Discovery may not be propounded after Motion for Summary Judgment filed and set for hearing solely to thwart such summary judgment; however, otherwise appropriate discovery should precede ruling on Summary Judgment

39 Fla. L. Weekly D556a


Torts — Civil procedure — Summary judgment — Discovery
pending — Entry of summary judgment in favor of defendant was premature where
plaintiff’s counsel was still seeking to depose witness whose identity was not
revealed by defendant until defendant filed its motion for summary judgment —
Although non-moving party cannot thwart summary judgment hearing by initiating
discovery after motion for summary judgment is filed and hearing scheduled, it
did not appear in instant case that pending discovery was scheduled to thwart
summary judgment hearing

DORA HARPER, Appellant, v.
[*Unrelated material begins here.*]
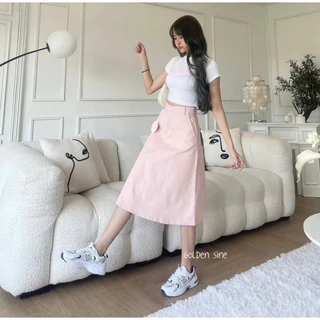 Lily Skirt กระโปรงยาวผู้หญิงรุ่นลิลลี่ 26 นิ้ว ทรงบานวอลลุ่มผ้ายีนส์ยืดคอตตอล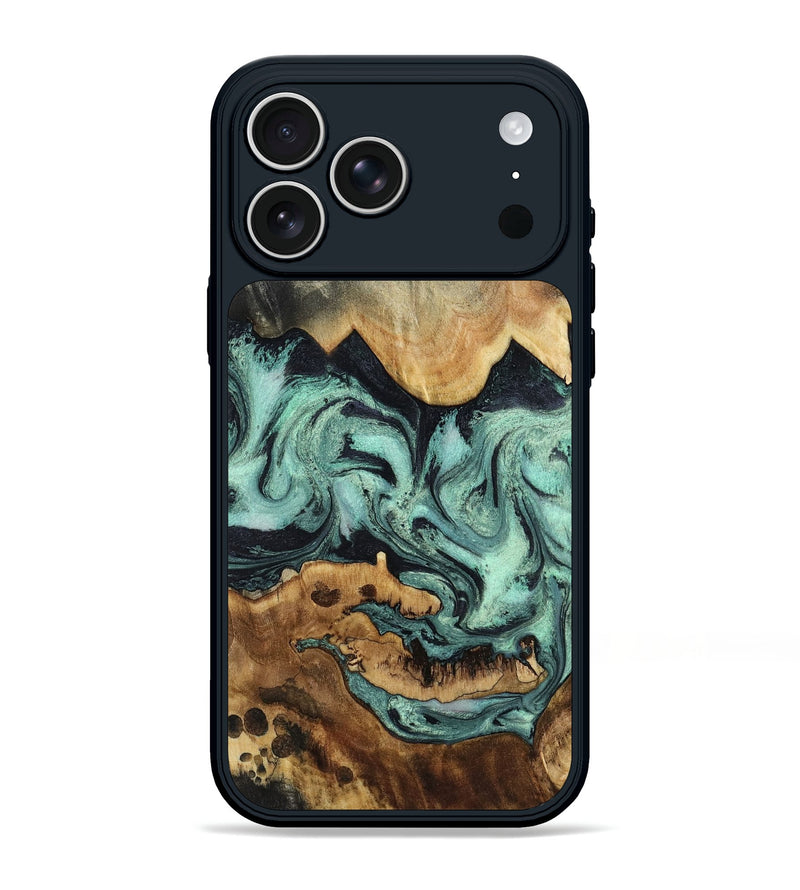 iPhone 17 Pro Max Wood Phone Case - Leah (Green, 805563)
WAL-MART STORES EAST, L.P., Appellee. 5th
District. Case No. 5D13-1085. Opinion filed March 14, 2014. Appeal from the
Circuit Court for Orange County, Donald E. Grincewicz, Judge. Counsel: Danilo
Cruz Carino, of The Pendás Law Firm, Tampa, for Appellant. Elliot H. Scherker,
Brigid F. Cech Samole, and Jay A. Yagoda, of Greenberg Traurig, P.A., Miami, for
Appellee.
(ORFINGER, J.) Dora Harper appeals an adverse summary judgment in favor of
Wal-Mart Stores East, L.P. Harper argues that the trial court erred by entering
the summary judgment because discovery was still ongoing and material issues of
fact existed. We agree that summary judgment was prematurely entered and
reverse.
Harper fell at a Wal-Mart store, and subsequently brought a suit against
Wal-Mart. After Harper’s suit against Wal-Mart had been pending for just over
one year, Wal-Mart filed a motion for summary judgment supported by two
affidavits. Harper deposed the two affiants. Shortly thereafter, Wal-Mart
withdrew one of the affidavits because, as was shown at the deposition, the
affiant had no relevant personal knowledge of the issues in dispute. Wal-Mart
then filed a new affidavit from a witness to the incident who was employed by a
Wal-Mart contractor. Wal-Mart had earlier disclosed that a Wal-Mart contractor’s
employee might have witnessed the incident, but did not reveal the witness’s
identity until it filed its motion for summary judgment, supplemented later by
the new affidavit. Harper’s counsel promptly attempted to arrange the deposition
of the newly-disclosed witness and told Wal-Mart’s attorney that he would seek
to continue the summary judgment hearing if the deposition could not be
arranged. The deposition could not be arranged at a mutually convenient time
and, as promised, Harper’s counsel filed a motion to continue the hearing. The
court denied the motion without elaboration.
The question before us is whether the trial court abused its discretion by
denying Harper’s motion to continue the summary judgment hearing in order to
allow Harper to depose the newly-disclosed witness. A trial court’s decision to
grant a continuance of a summary judgment hearing is discretionary. However,
that discretion is tempered if discovery is not completed and is necessary for
the disposition of the case. Smith v. Smith, 734 So. 2d 1142, 1144 (Fla.
5th DCA 1999). We agree with Wal-Mart that after a motion for summary judgment
is filed and scheduled, the non-moving party cannot thwart the summary judgment
hearing by initiating discovery. See Vills. at Mango Key Homeowner’s
Ass’n v. Hunter Dev., Inc.
, 699 So. 2d 337, 338 (Fla. 5th DCA 1997). That
general rule notwithstanding, under the facts of this case, it does not appear
that the pending discovery was scheduled to thwart the summary judgment hearing.
Thus, we conclude that entry of summary judgment in this case was premature.
See Arguelles v. City of Orlando, 855 So. 2d 1202, 1203 (Fla. 5th
DCA 2003). Because Harper was entitled to complete her discovery before the
trial court considered Wal-Mart’s motion for summary judgment, we reverse and
remand for further proceedings. In doing so, we express no opinion on the merit
of Wal-Mart’s summary judgment motion.